··· Data extract

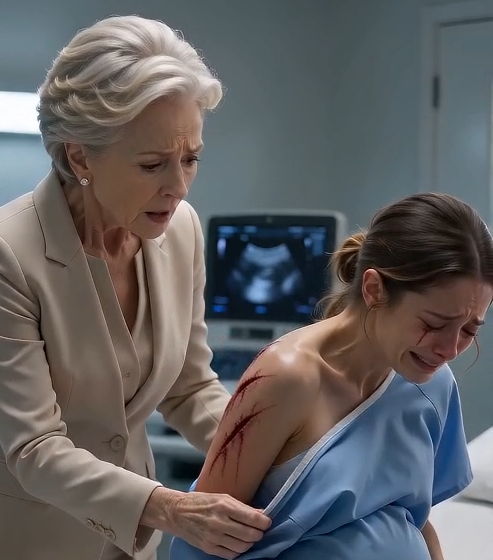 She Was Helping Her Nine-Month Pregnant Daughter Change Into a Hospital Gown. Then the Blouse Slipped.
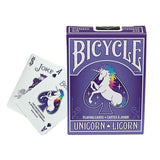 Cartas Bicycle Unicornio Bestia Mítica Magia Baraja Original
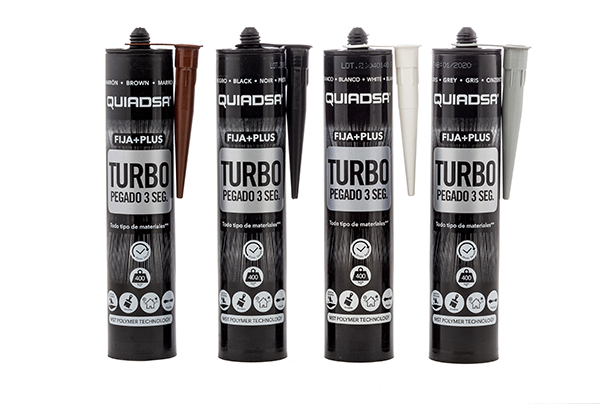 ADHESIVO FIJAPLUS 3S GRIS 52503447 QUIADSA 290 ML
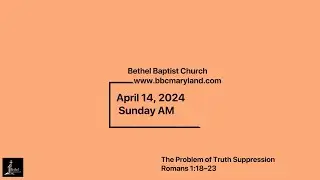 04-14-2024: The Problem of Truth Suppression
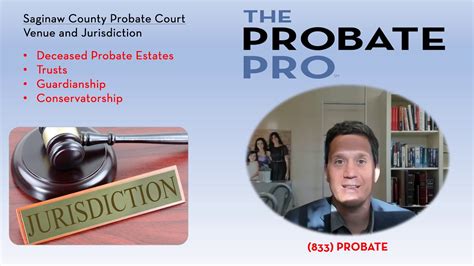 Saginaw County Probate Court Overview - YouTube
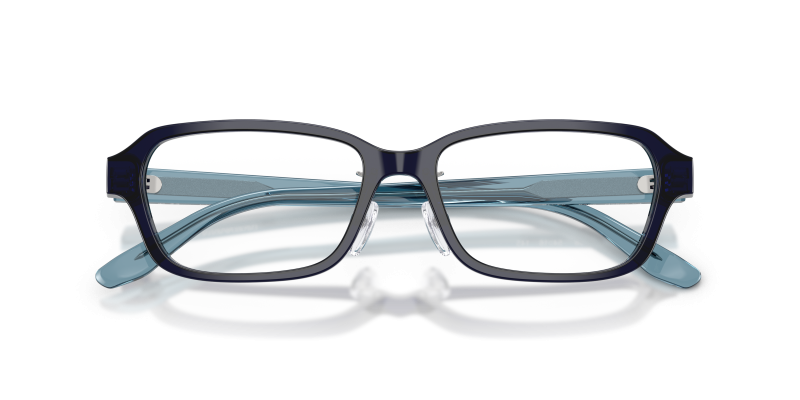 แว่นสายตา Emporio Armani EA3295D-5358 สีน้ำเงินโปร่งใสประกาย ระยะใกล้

······
··· Data extract

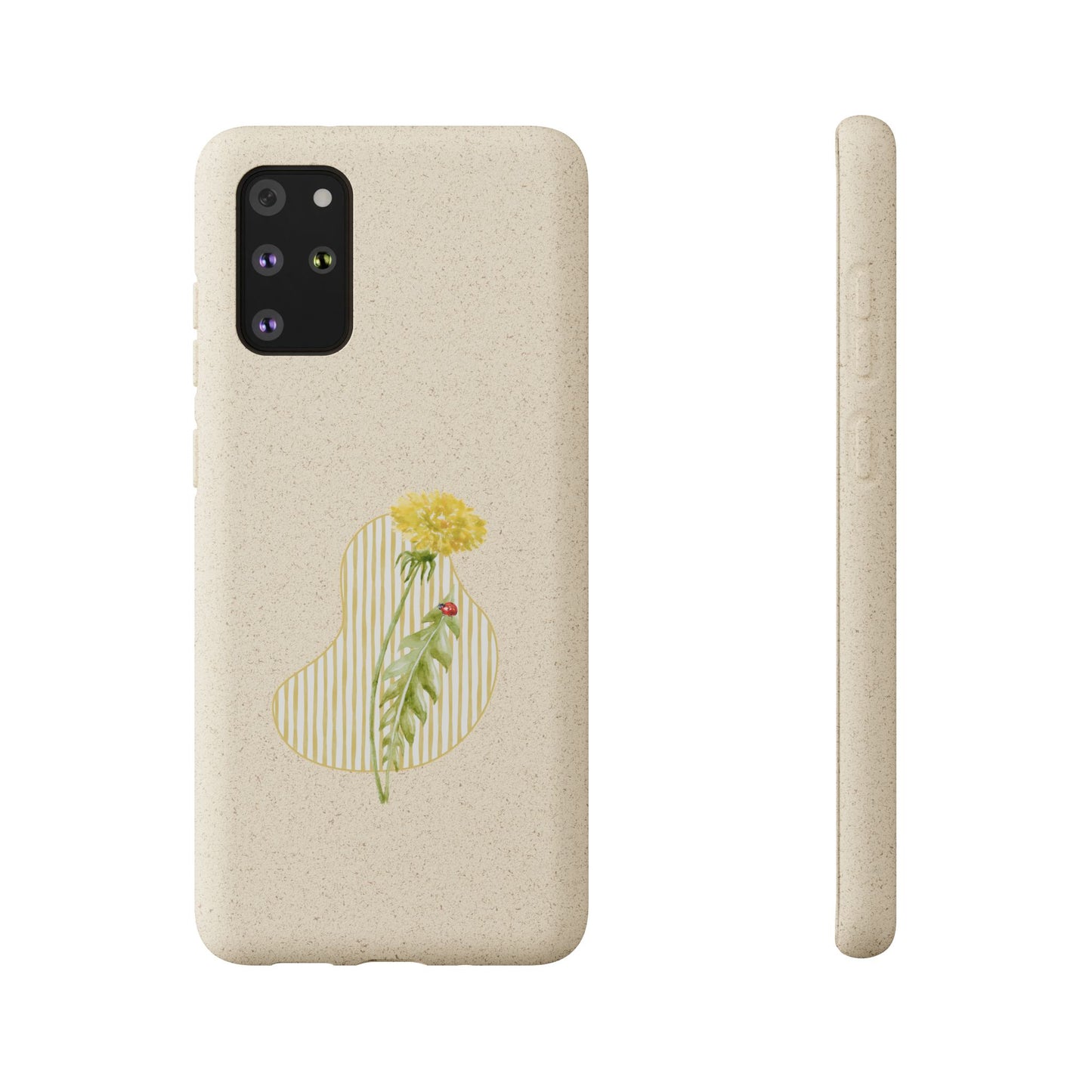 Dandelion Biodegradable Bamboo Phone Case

······
··· Data extract

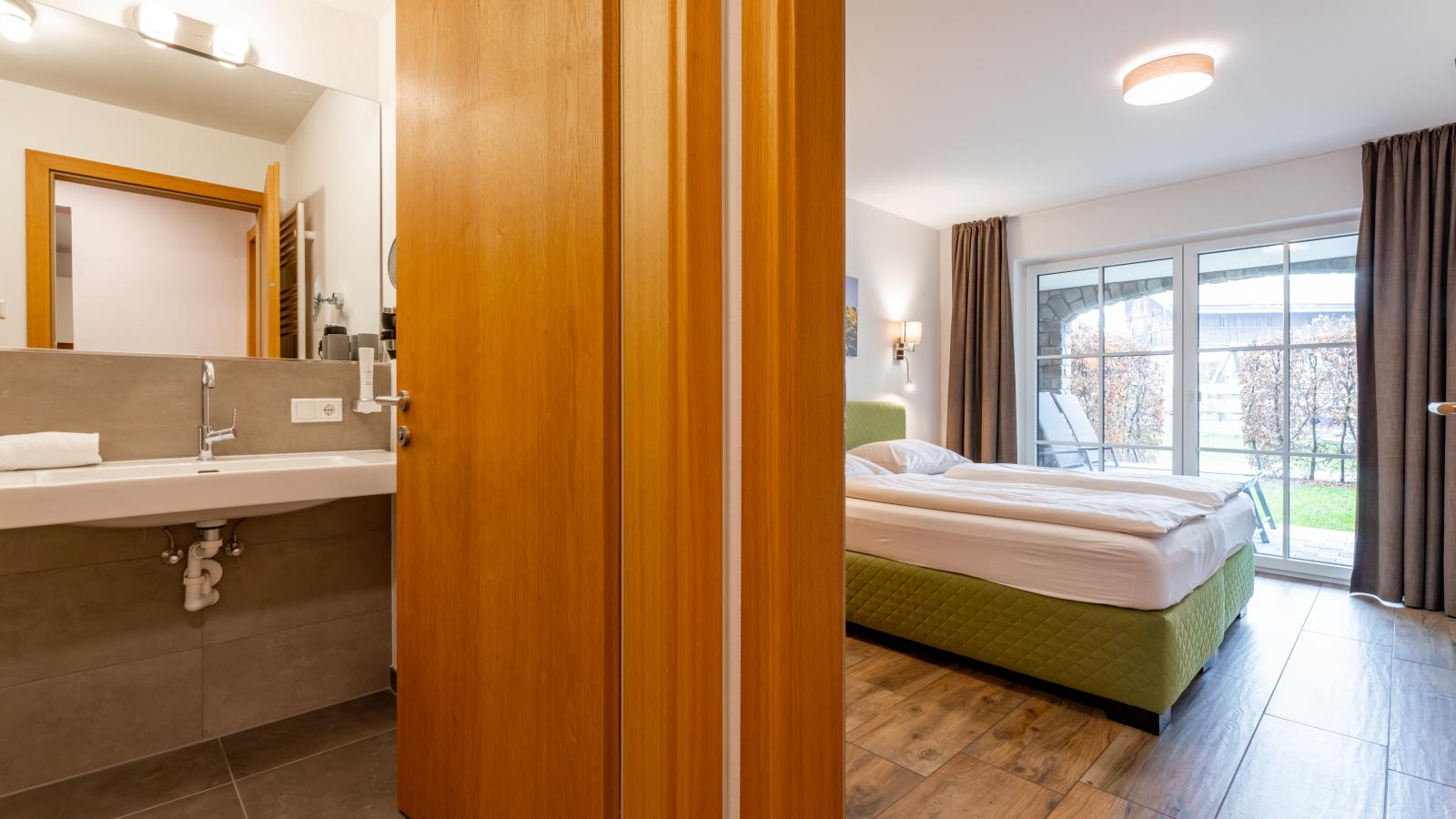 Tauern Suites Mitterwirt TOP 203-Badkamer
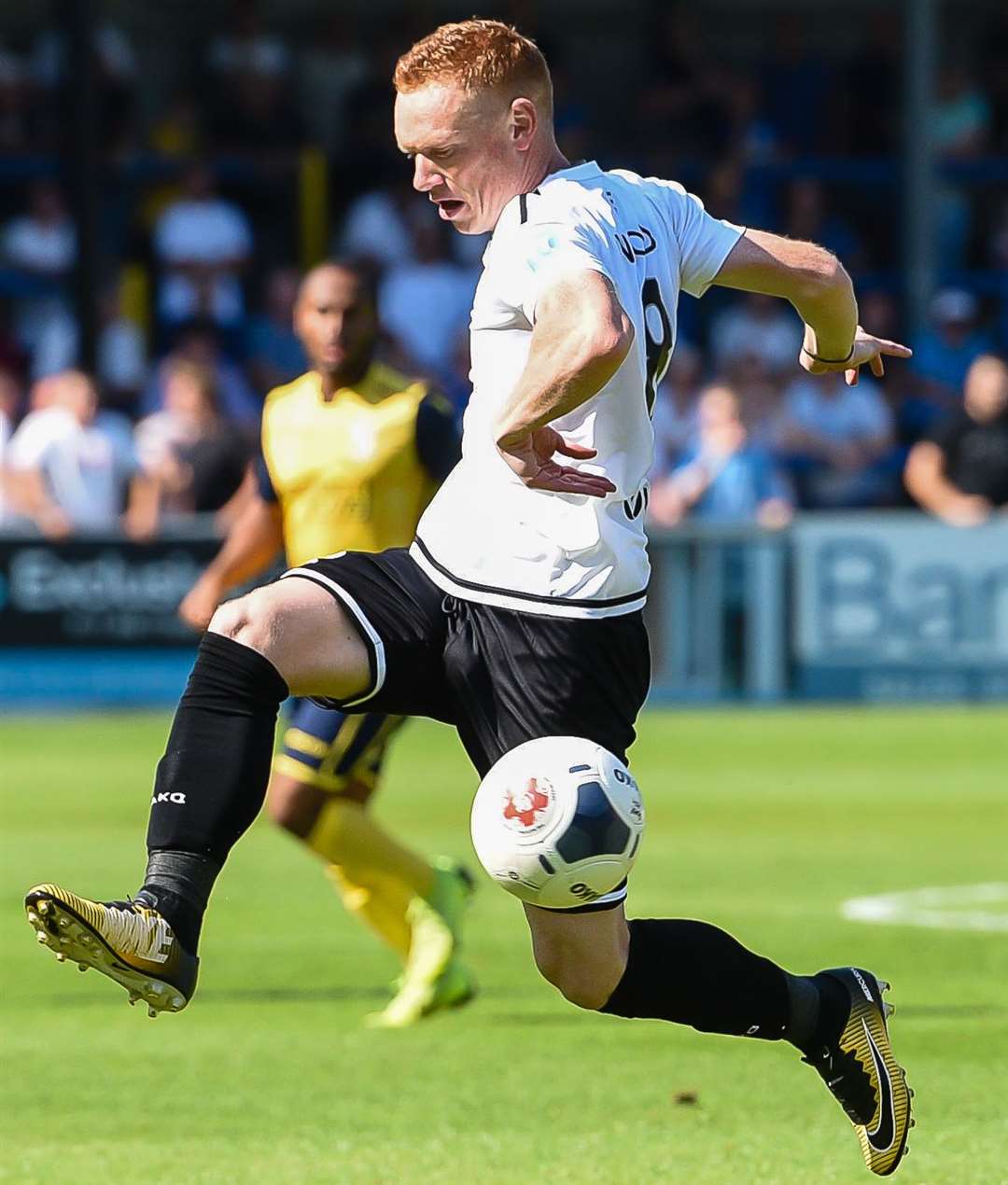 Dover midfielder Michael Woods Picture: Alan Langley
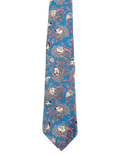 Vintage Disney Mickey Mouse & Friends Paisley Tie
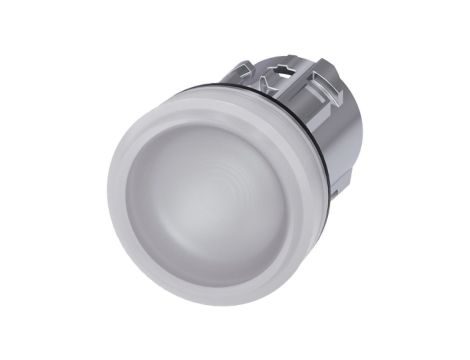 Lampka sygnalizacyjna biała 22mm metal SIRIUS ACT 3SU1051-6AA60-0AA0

······

For this exercise, transcribe exactly the part of the records above that opens with the line containing "She Was Helping" and closes with the one containing "แว่นสายตา Emporio Armani". Pictures are not part of the copy.

## Written response
 She Was Helping Her Nine-Month Pregnant Daughter Change Into a Hospital Gown. Then the Blouse Slipped.
 Cartas Bicycle Unicornio Bestia Mítica Magia Baraja Original
 ADHESIVO FIJAPLUS 3S GRIS 52503447 QUIADSA 290 ML
 04-14-2024: The Problem of Truth Suppression
 Saginaw County Probate Court Overview - YouTube
 แว่นสายตา Emporio Armani EA3295D-5358 สีน้ำเงินโปร่งใสประกาย ระยะใกล้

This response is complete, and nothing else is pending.